*** Data records ***

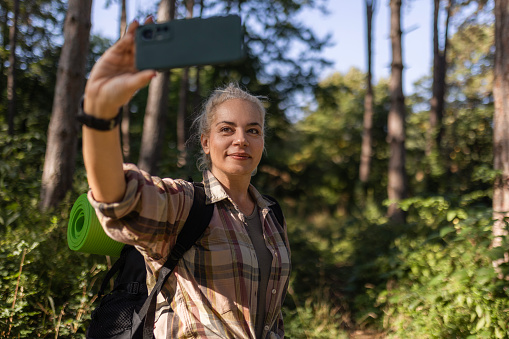 Beautiful female hiker taking a selfie with the smart phone in nature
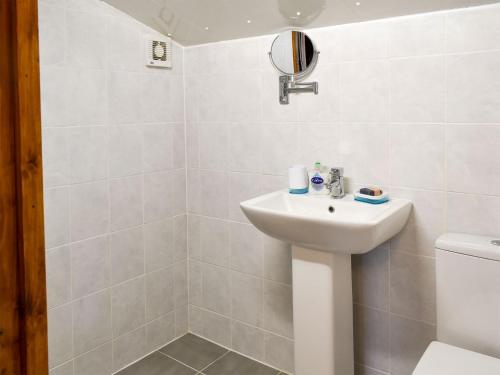 a white bathroom with a sink and a toilet at Oakwell Lodge in Rainham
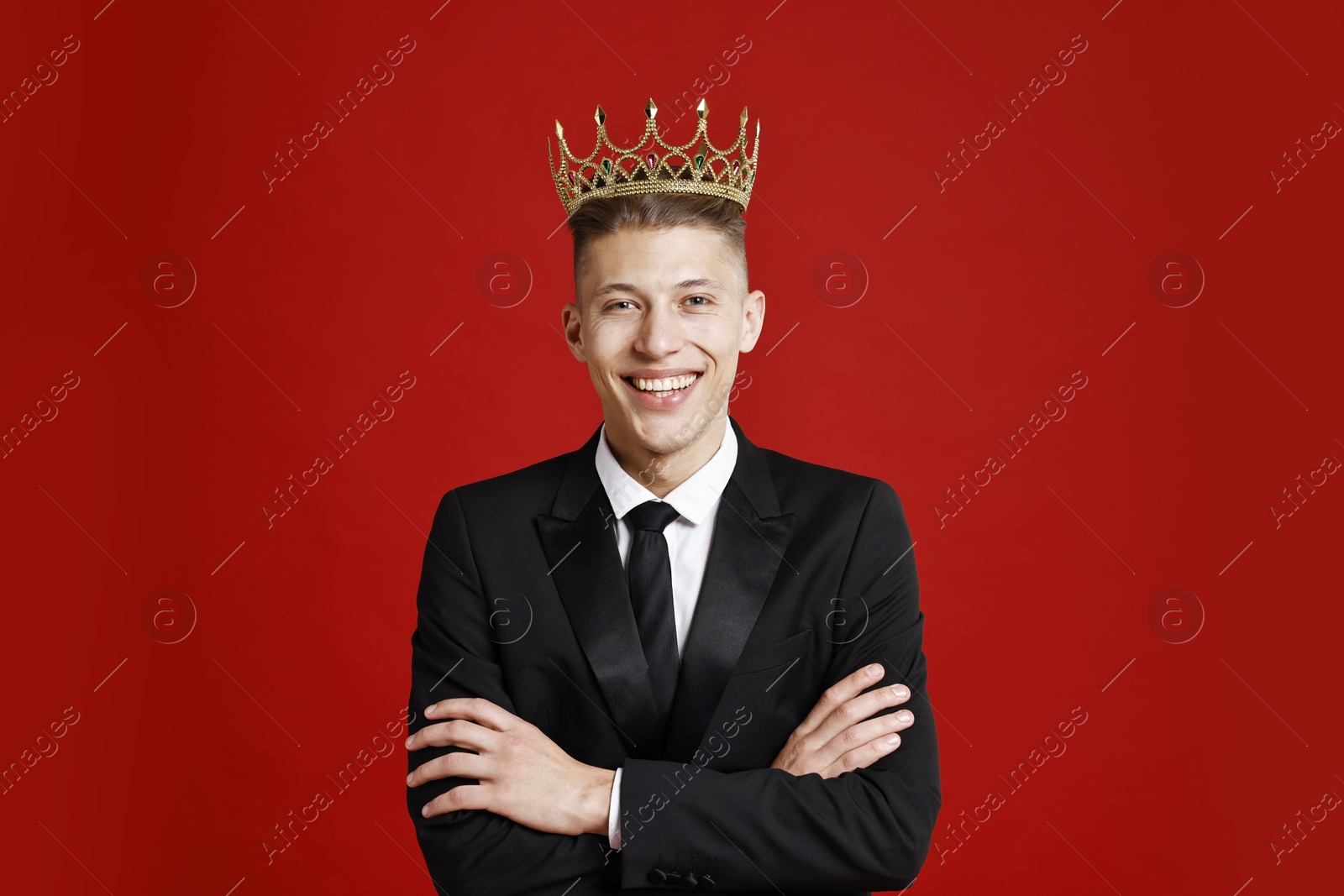 Photo of Handsome man wearing luxury crown on red background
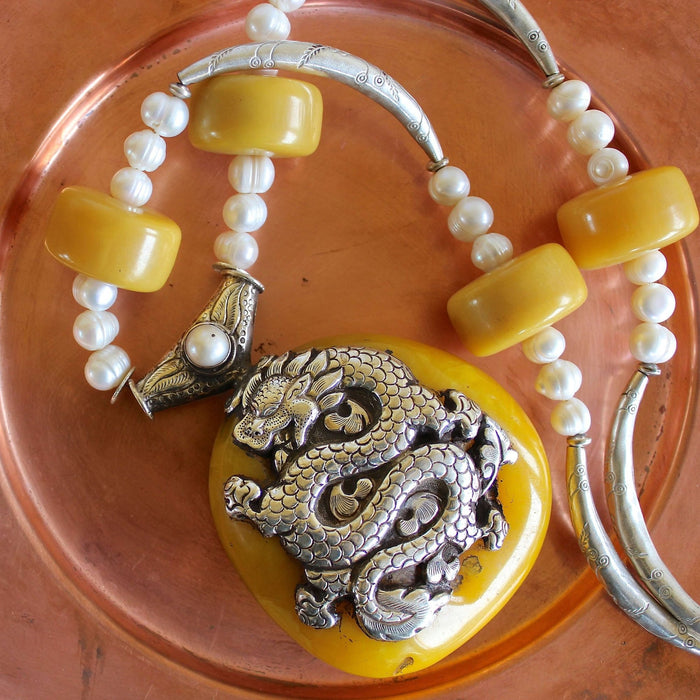 Close up shot of the Tibetan Double-Sided Yellow Copal Pendant with Carp and Dragon, Pearls, Large Copal Beads Necklace, showing off the incredible, opaque, creamy yellow copal pendant in great detail, including the intricate silver dragon design on the pendant, the light texture in the pearl beads, the four large cylinder shaped copal beads, and the curved and carved Hill Tribe pure silver spacers. The necklace is sitting folded on a matte copper plate
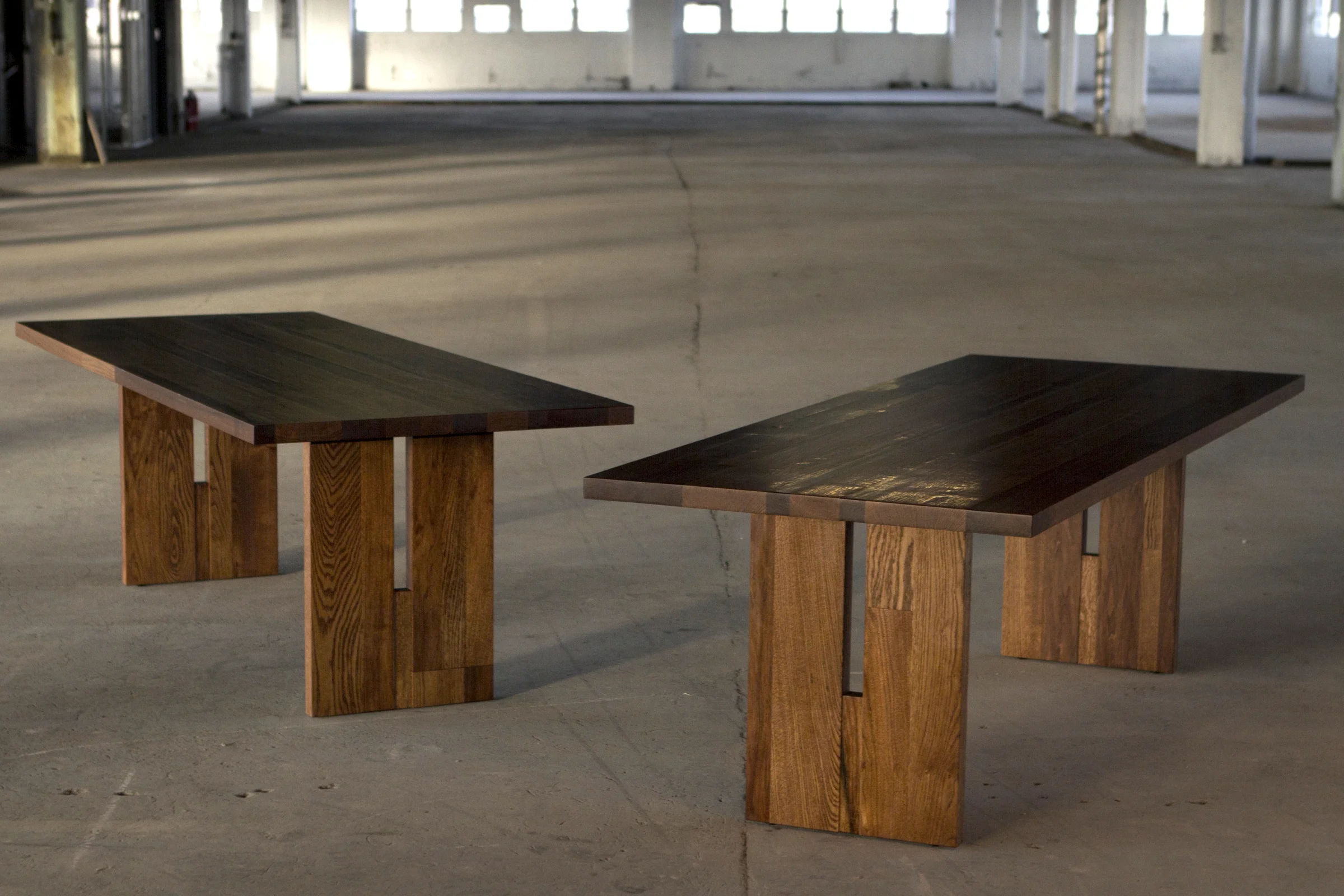 Set of custom oak and butternut dining tables with aluminum bar inlay and trestle legs.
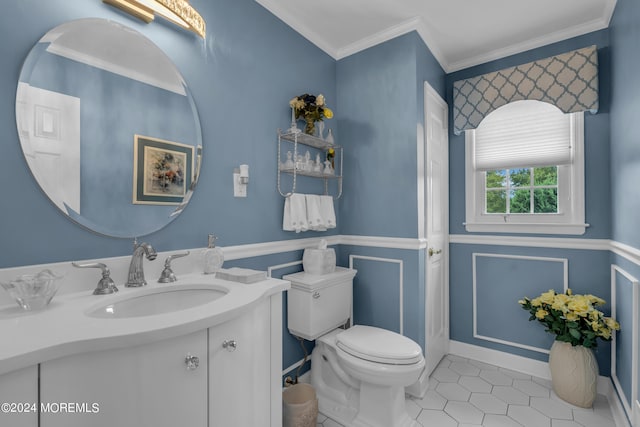 bathroom featuring tile patterned flooring, crown molding, vanity, and toilet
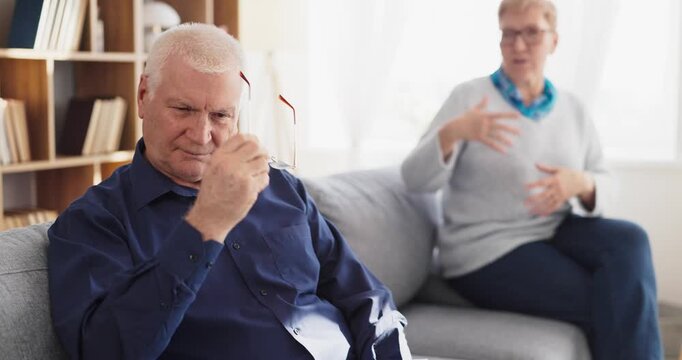 Senior couple in conflict, upset and stress. Older partners dispute at home, highlighting relationship strain and communication problems. Concept of aging relationship under stress today.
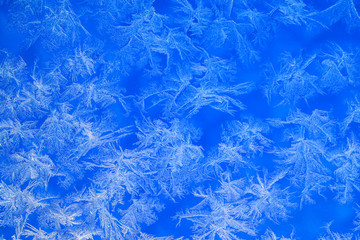 Fototapeta na wymiar frosty pattern on glass. ice pattern on window closeup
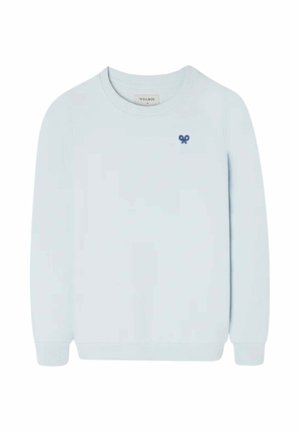 Niño que lleva un suéter azul claro sobre una camisa vaquera, pantalones cargo beige, zapatillas azul marino y una gorra de béisbol blanca y azul, de pie mirando hacia adelante.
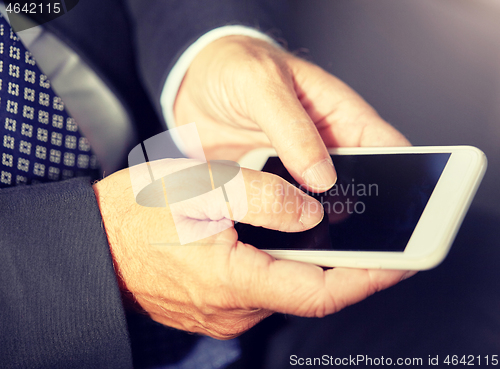 Image of senior businessman texting on smartphone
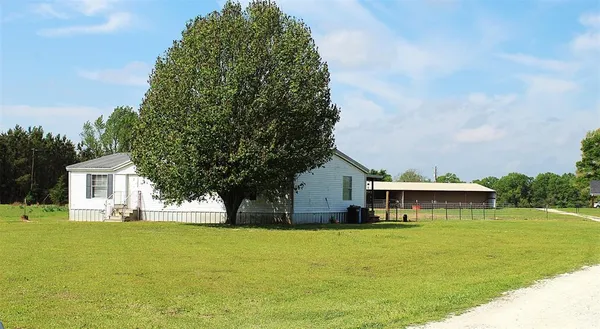 a front view of a house with a garden and trees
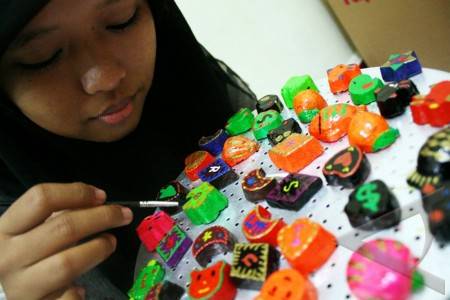 Dewi (20) membuat aksesoris dan souvenir dari bahan daur ulang kertas di Jalan Tanjung Sari Medan, Sabtu (23/1). Para perajin itu mampu menghasilkan 200 ... - 371a4-aneka-kerajinan-kertas-daur-ulang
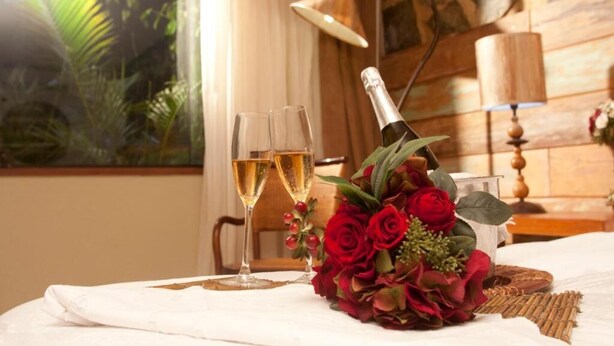 A table with a bottle of champagne, two glasses, and a bouquet of red roses. - Hotel Fazenda Parador Maritacas (Barra do Pirai)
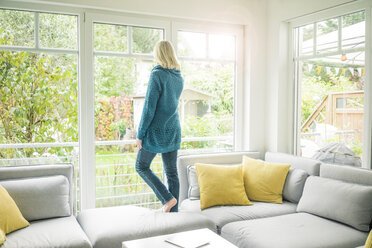 Frau im Wohnzimmer schaut aus dem Fenster - MOEF00270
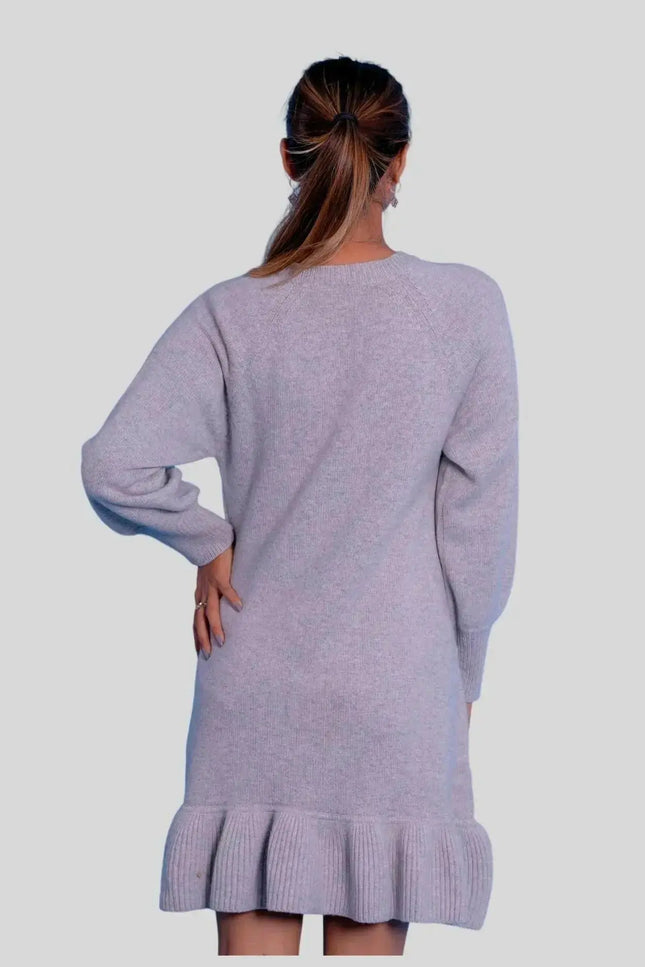 Woman wearing a grey cashmere ruffle dress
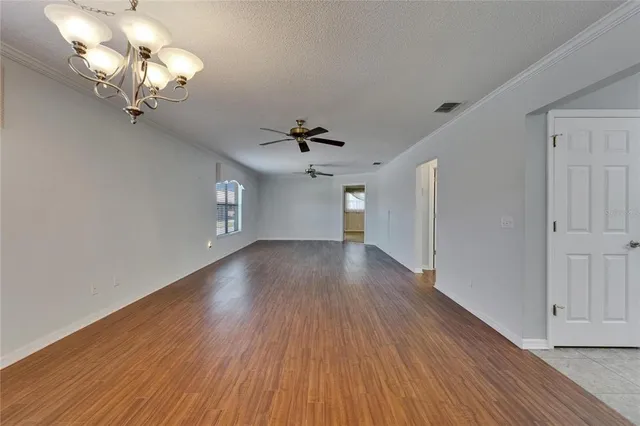 a kitchen with a sink a refrigerator and cabinets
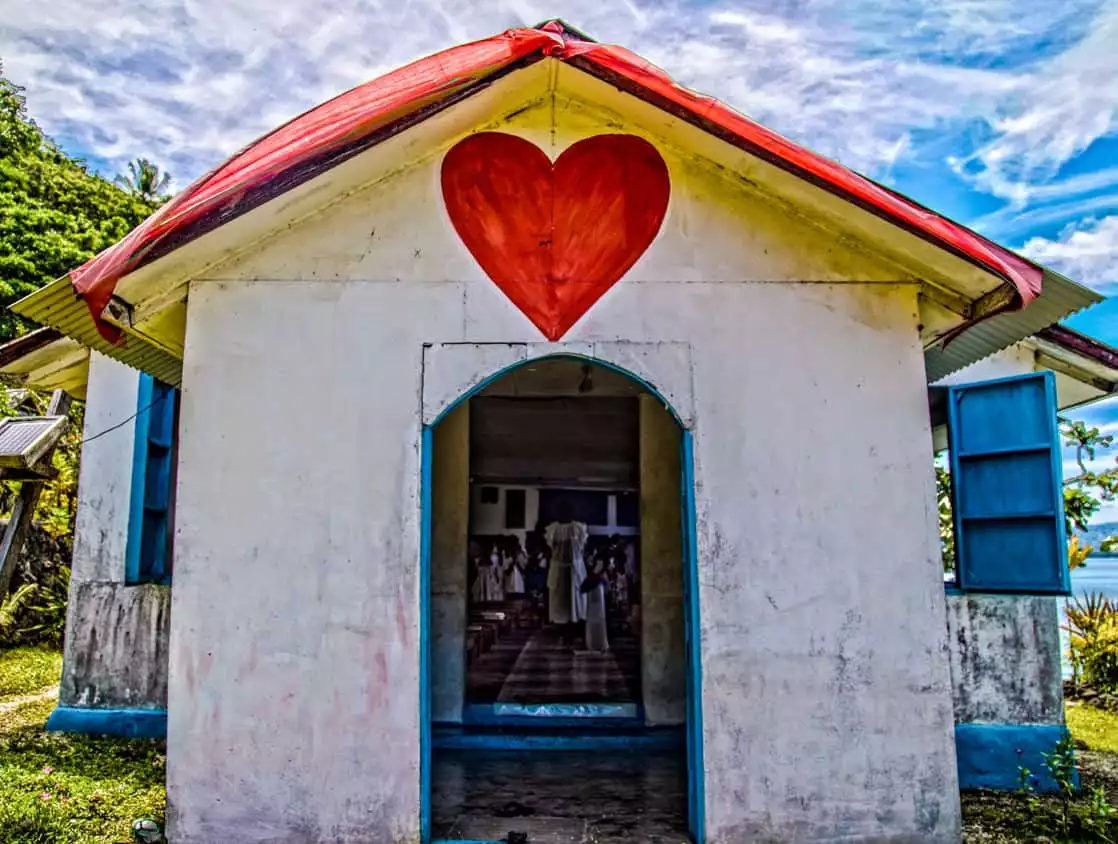 Small church with a red heart painted above the entrance on an island in the south pacific.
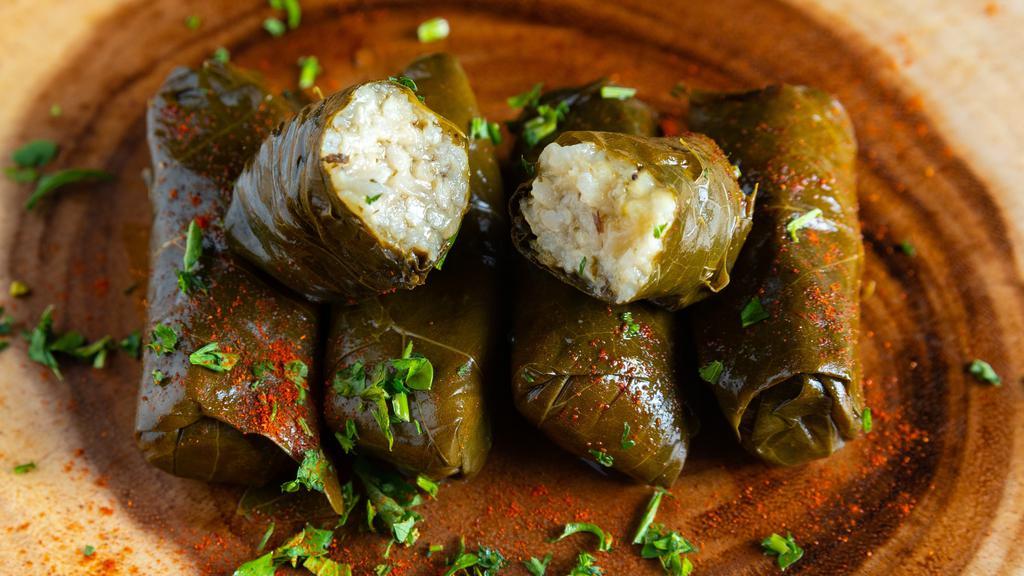 Dawali · Five delightful, Middle Eastern style, stuffed grape leaves filled with our seasoned rice and steamed.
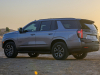 2021-chevrolet-tahoe-z71-middle-east-exterior-017-rear-three-quarters-dirt-road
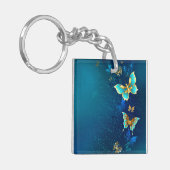 Goldene Schmetterlinge auf blauem Hintergrund Schlüsselanhänger (Vorderseite links)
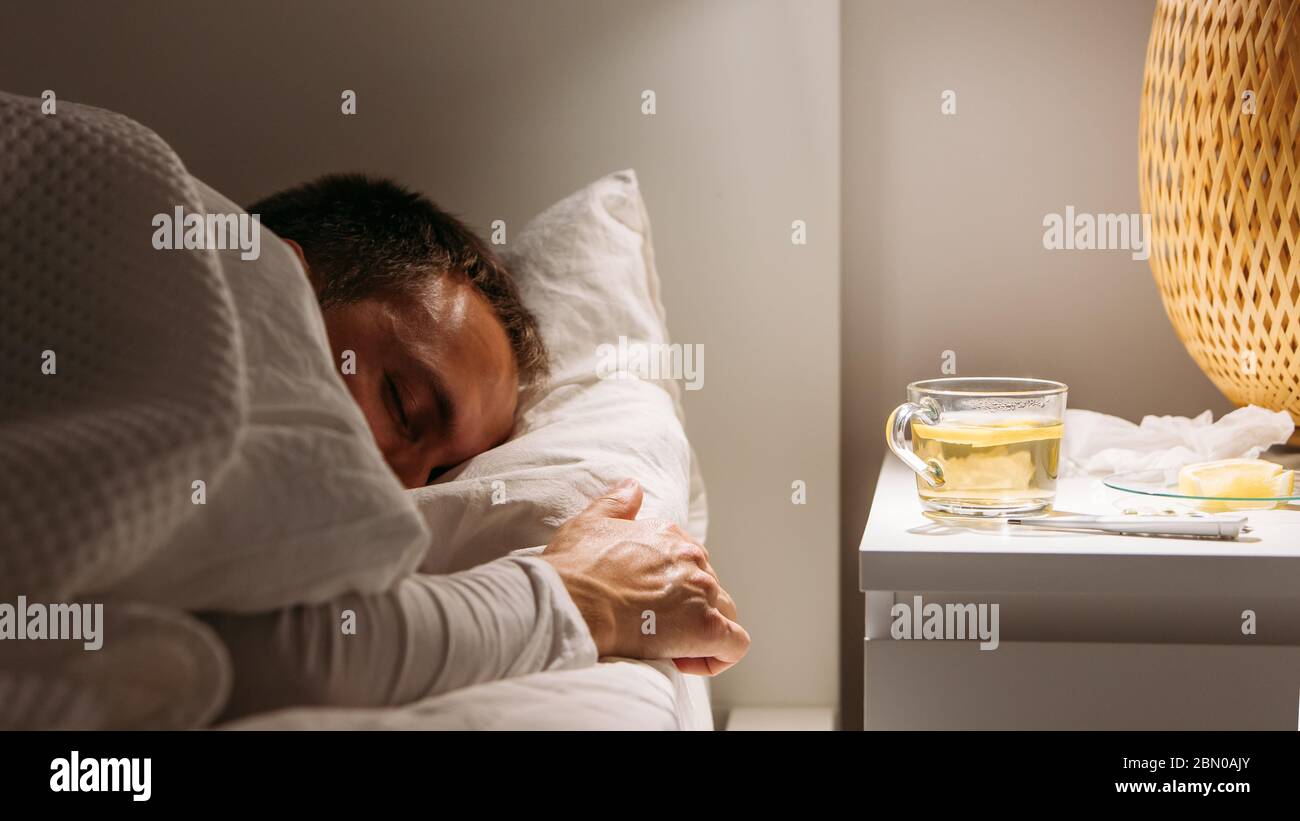 Kranker Mann schläft mit einer Decke bedeckt, die im Bett mit hohem Fieber liegt und im Wohnzimmer ruht. Er ist erschöpft und leidet an Grippe mit einer Tasse Tee Wi Stockfoto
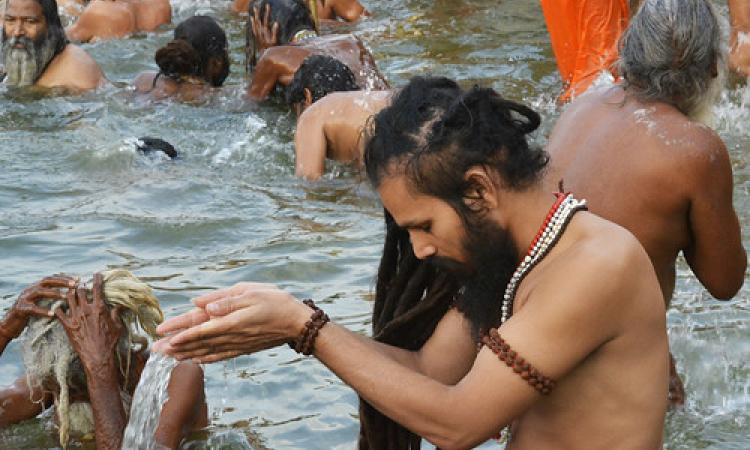 A priest offers water to the sun at Ramghat on the Kshipra river at Simhastha (Image Source: Makarand Purohit)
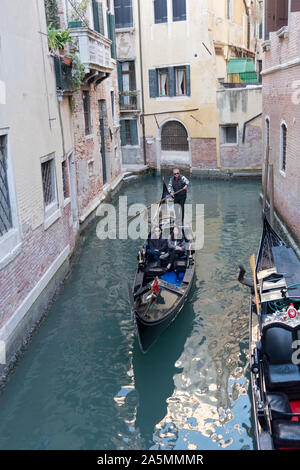 Eine asiatische Paar, voraussichtliche Chinesische, machen Sie eine Gondelfahrt in einer Seitenstraße Kanal in Venedig, Italien. Stockfoto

***

§ Exercise: Exact repetition is the task: every line from the start of the data to the line with "Photo of Handsome", inclusive, and none after it, pictures omitted.

§ Written answer:
 Beautiful female hiker taking a selfie with the smart phone in nature
 a white bathroom with a sink and a toilet at Oakwell Lodge in Rainham
 Photo of Handsome man wearing luxury crown on red background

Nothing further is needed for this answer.